Write out an exact copy of the line containing "a front view" and all lines that follow it in the data below, leaving out pictures.

------

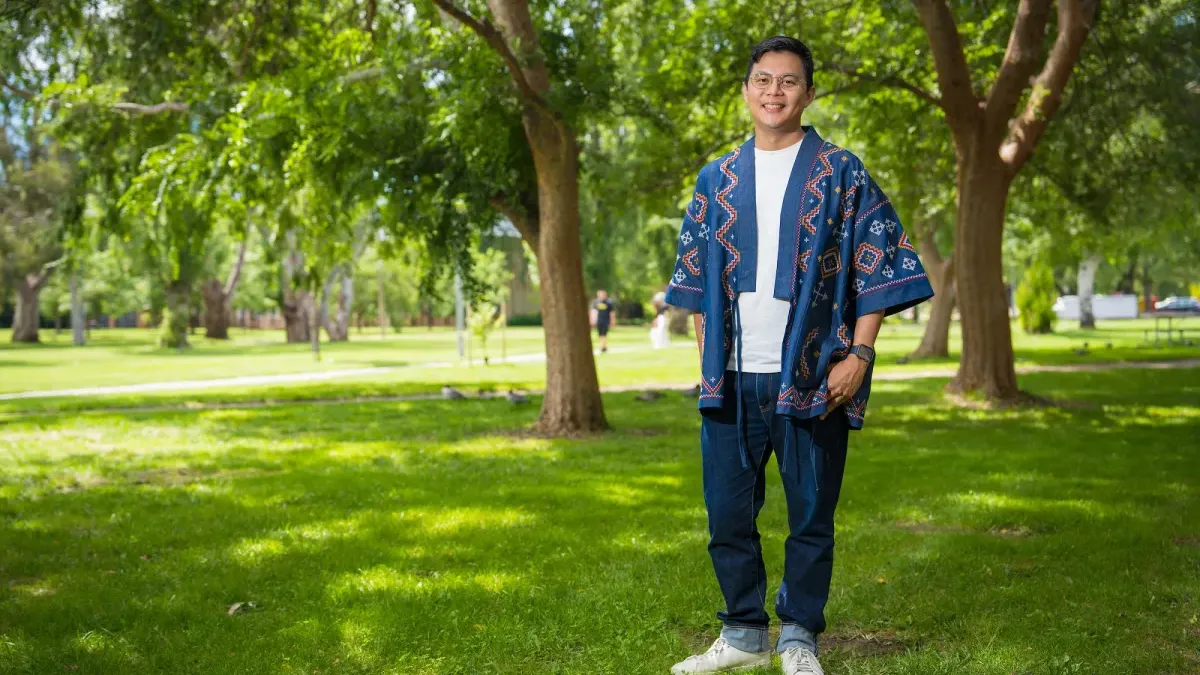 A man standing with trees in the background. 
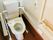 跳ね上げ式の肘置きや背もたれが付いた、バリアフリータイプの洋式トイレである。壁にはナースコールが設置されている。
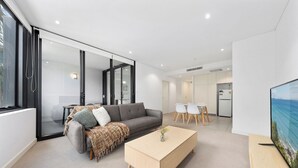 A modern living room with a sofa, coffee table, and TV. - Sleek 1BR Apartment | Home of Mortlake Ferry (Mortlake)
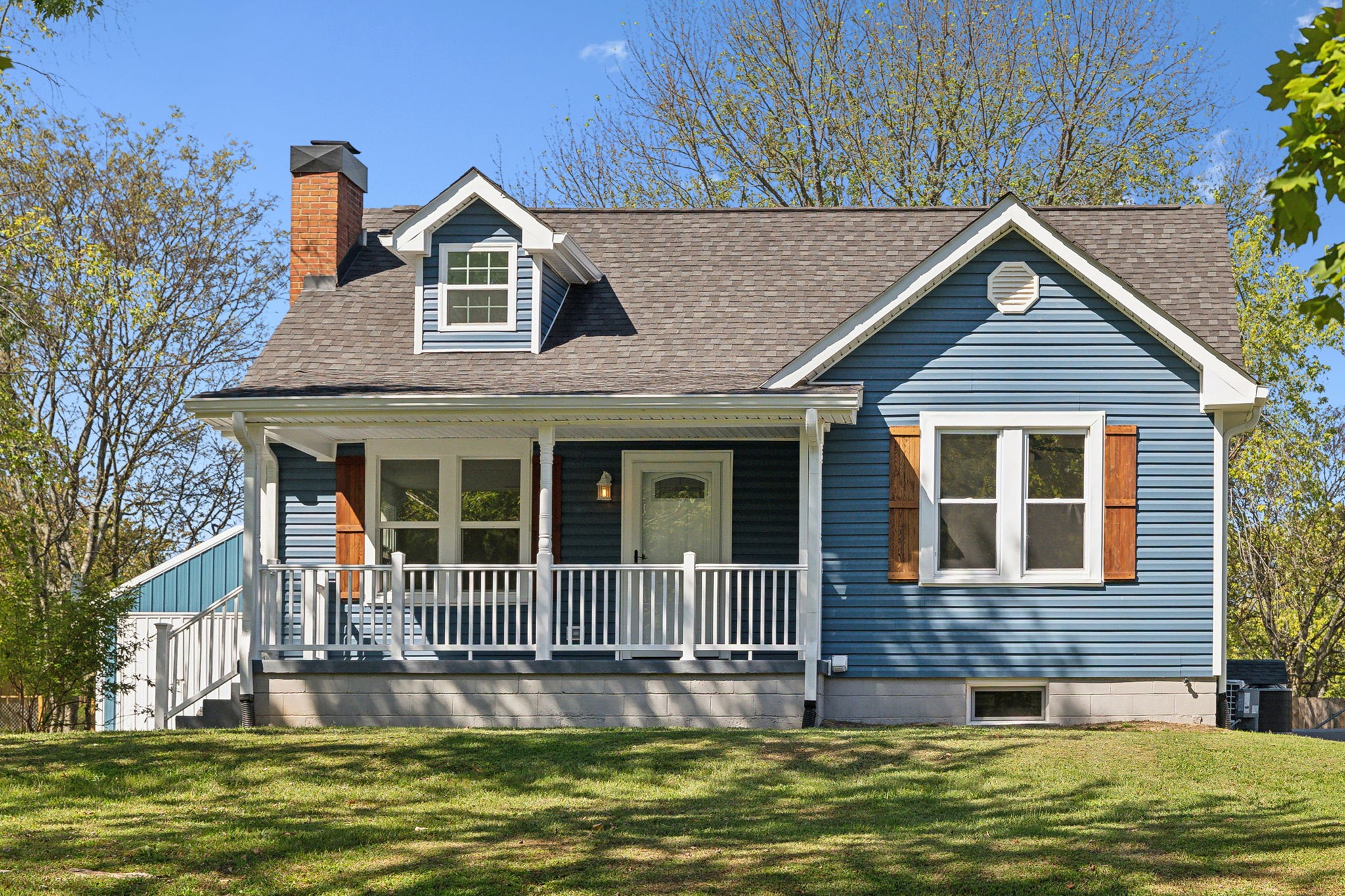 a front view of a house with a garden and plants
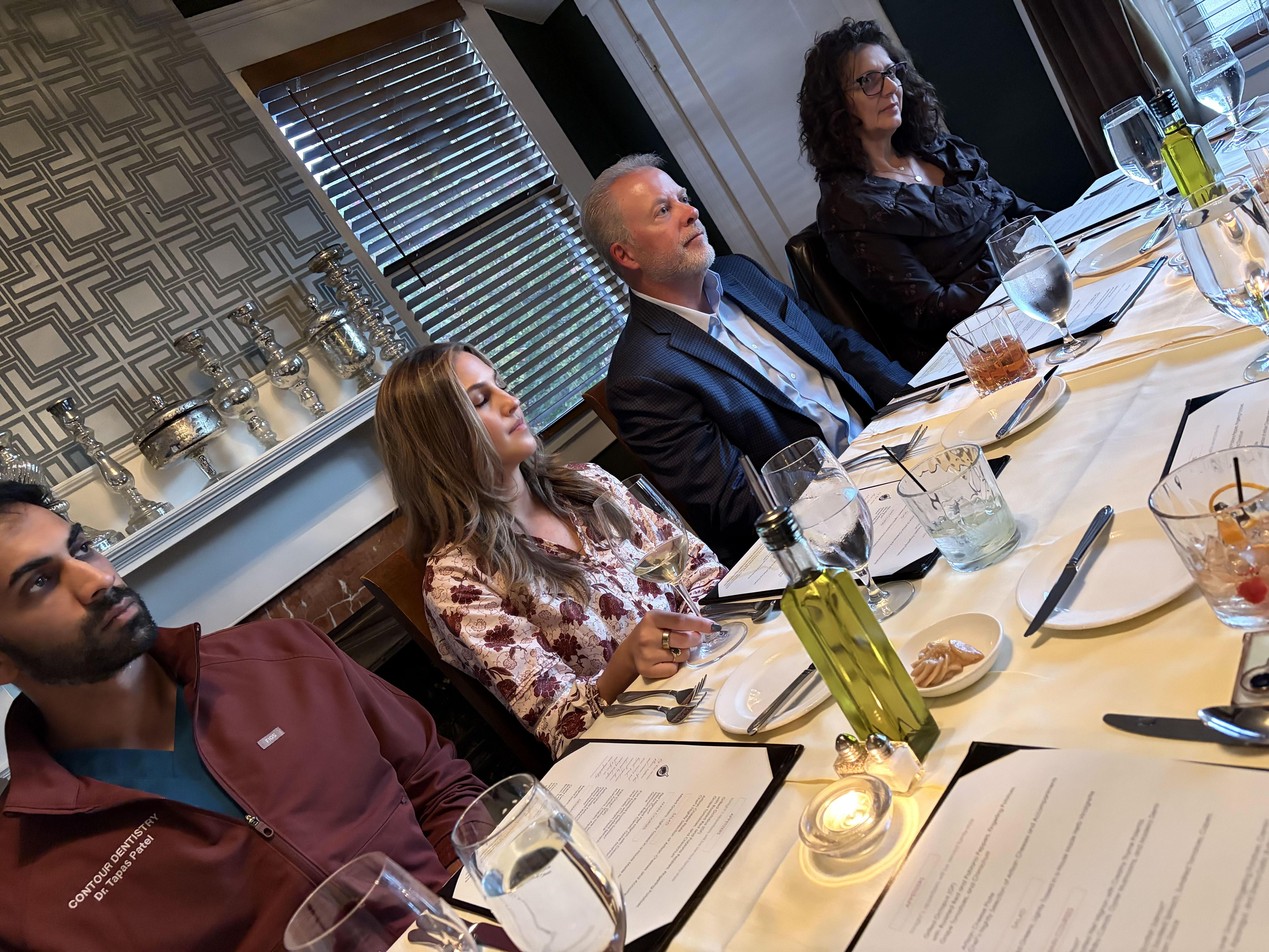 Four people seated along a dinner table set with menus, wine and water glasses, and olive oil, in front of a window with blinds and a mantel of silver candlesticks at The Fig Tree in Charlotte | The Paubox Table in Charlotte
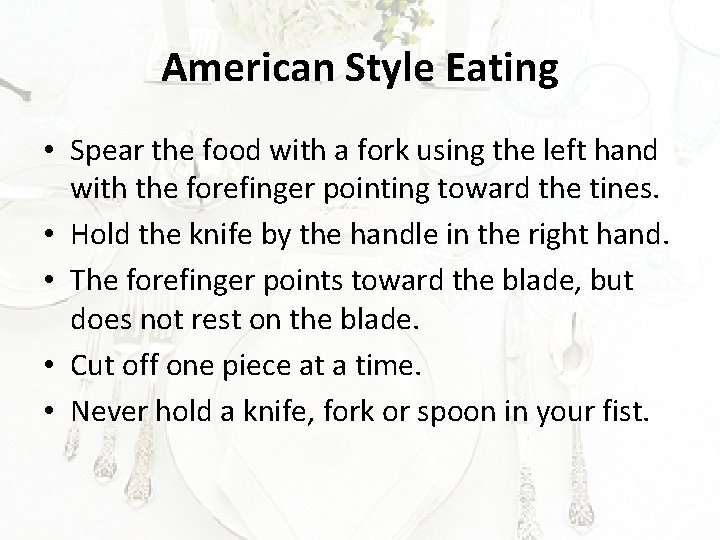 American Style Eating • Spear the food with a fork using the left hand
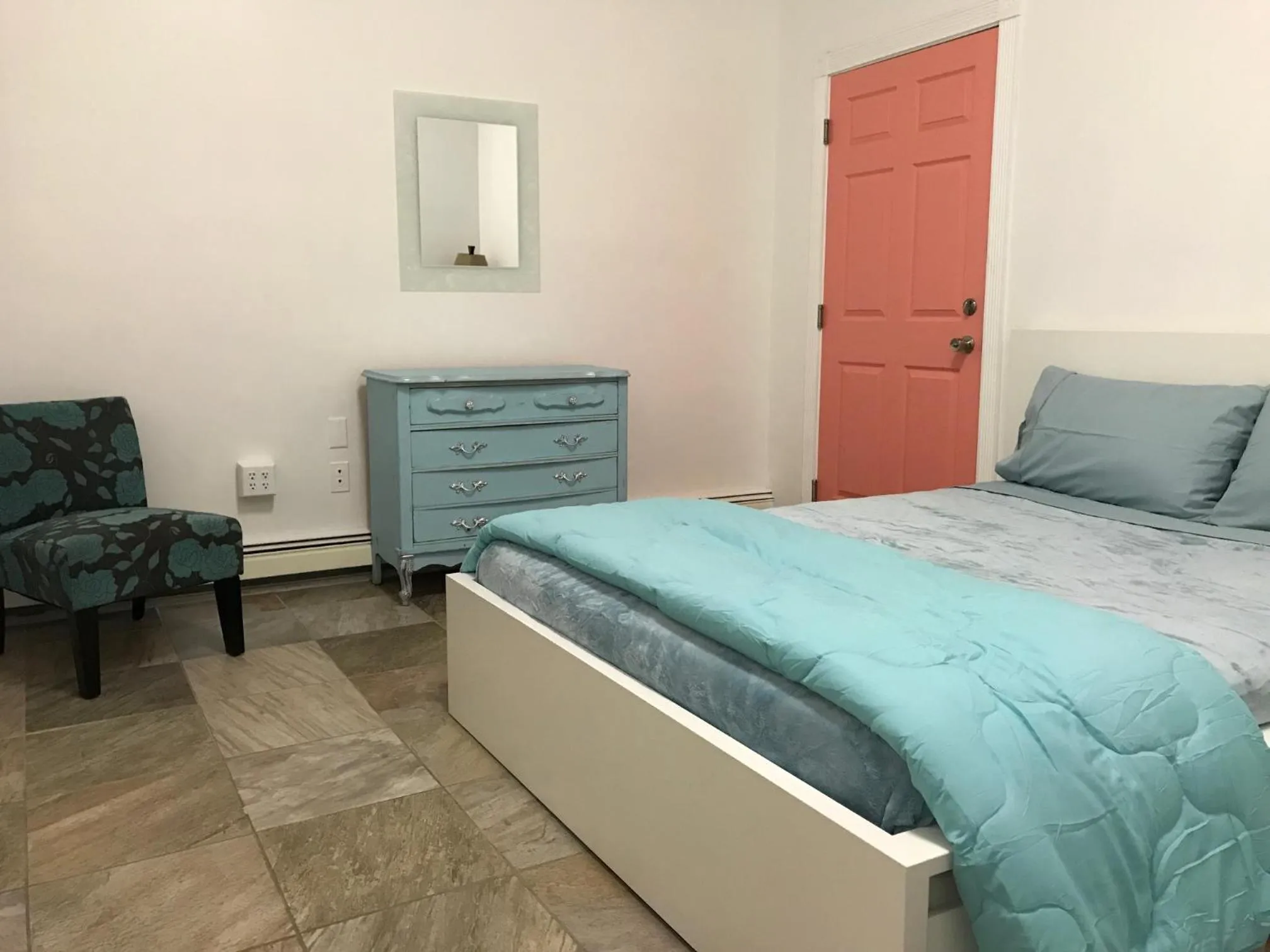 Bed in Aquamarine Suites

------

**EXERCISE RESPONSE**
 a front view of a house with a garden and plants
 Four people seated along a dinner table set with menus, wine and water glasses, and olive oil, in front of a window with blinds and a mantel of silver candlesticks at The Fig Tree in Charlotte | The Paubox Table in Charlotte
 American Style Eating • Spear the food with a fork using the left hand
 Bed in Aquamarine Suites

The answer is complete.